From 2013 to 2018, the company ran cash deficits of $20-50M Euro, and saw debt increase from $95 million to $278 million. Scary right? no. The market value of company over the same period increased from $82.3 to $302.9MM, and therefore saw equity increase from $5M in total value $15M (200%).

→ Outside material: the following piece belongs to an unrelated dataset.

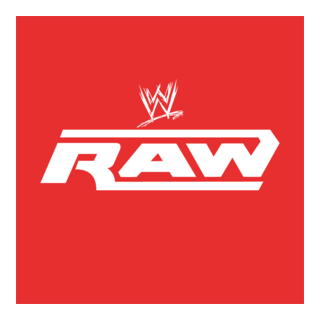 WWE RAW Logo PNG Vector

It's share count increased by 46% so equity holders made a return of: (1+2.00)(1/(1+.46)= 2.045-1 = return on equity investment of 104.5%. Before 2013, totally different story as seen by the stock price.
 

JuveJay

Senior Signor
Moderator
Mar 6, 2007
72,231
Juventus have the world’s third-richest football club owners according to the Mirror, with Inter ranking ninth.

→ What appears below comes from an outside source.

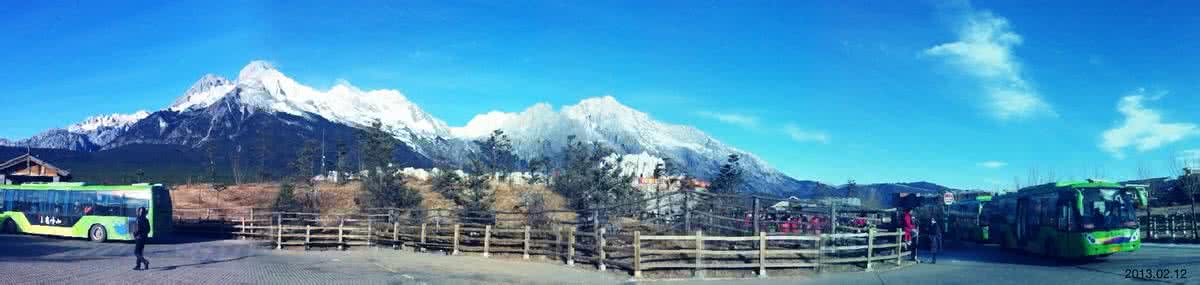 玉龙雪山还有雪吗 玉龙雪山还有雪吗？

The newspaper writes the Agnelli family have a combined wealth of £10.4bn (€11.9bn), making Juve the Serie A side with the biggest backing.

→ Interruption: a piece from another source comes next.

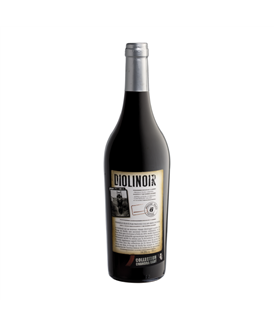 Diolinoir - Collection Chandra Kurt - Provins 75cl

Inter, for their part, are bankrolled by Suning Group, whose owner Zhang Jindong has a personal wealth of £5.2bn (€5.9bn), putting them ahead of Tottenham Hotspur in 10th place and city rivals Milan.

The richest club owner is Red Bull Salzburg and RB Salzburg’s Dietrich Mateschitz, who cofounded Red Bull and is worth £17.8bn (€20.3bn), despite the riches of Manchester City and Paris Saint-Germain.

Top 10 richest club owners in full:

1. Dietmar Mateschitz (Red Bull Salzburg/RB Leipzig, £17.8bn)

2. Sheikh Mansour (Manchester City/City Football Group, £17bn)

3. Agnelli family (Juventus, £10.4bn)

4. Philip Anschutz (LA Galaxy, £10bn)

5. Roman Abramovich (Chelsea, £8.3bn)

6. Stan Kroenke (Arsenal, £6.4bn)

7. Nasser Al-Khelaifi (Paris Saint-Germain, £6.2bn)

8. Shahid Khan (Fulham, £5.4bn)

9. Zhang Jindong (Inter/Jiangsu Suning, £5.2bn)

10. Joe Lewis (Tottenham Hotspur, £3.8bn)

"We are so rich!"
If only they didn't spend so much money on F1, cricket, basketball and fashion....
 

Hust

Senior Member
Hustini
May 29, 2005
93,348
Juventus’ share price has fallen by more than 10 percent in wake of their Champions League defeat to Atletico Madrid.
Juve closed the Borsa Italiana on Wednesday at €1.45 but opened the following morning at just €1.29, representing a 10.01% drop.
It comes after the Bianconeri were beaten 2-0 by Atleti in the first leg of their Champions League last-16 tie.
The price of Juve stock took a similar tumble in October, when rape allegations against Cristiano Ronaldo first emerged.
Calcio e Finanza reports the Old Lady will miss out on ‘at least €10.5m’ if they fail to reach the quarter-finals of Europe’s elite club competition.
 

AFL_ITALIA

MAGISTERIAL
Jun 17, 2011
29,581
Lol was obviously exaggerating but the point is true. She wants to tax ordinary income over a certain amount at 70%. You'll just get athletes with that. No truly wealthy person generates their wealth through ordinary income.
"Over a certain amount" being 10 million. 99% of athletes don't even reach that.

- - - Updated - - -

Juventus’ share price has fallen by more than 10 percent in wake of their Champions League defeat to Atletico Madrid.
Juve closed the Borsa Italiana on Wednesday at €1.45 but opened the following morning at just €1.29, representing a 10.01% drop.
It comes after the Bianconeri were beaten 2-0 by Atleti in the first leg of their Champions League last-16 tie.
The price of Juve stock took a similar tumble in October, when rape allegations against Cristiano Ronaldo first emerged.
Calcio e Finanza reports the Old Lady will miss out on ‘at least €10.5m’ if they fail to reach the quarter-finals of Europe’s elite club competition.
Oh fuck. I completely forgot about losing out on the money. Just when we'll need it to reinvent the midfield too.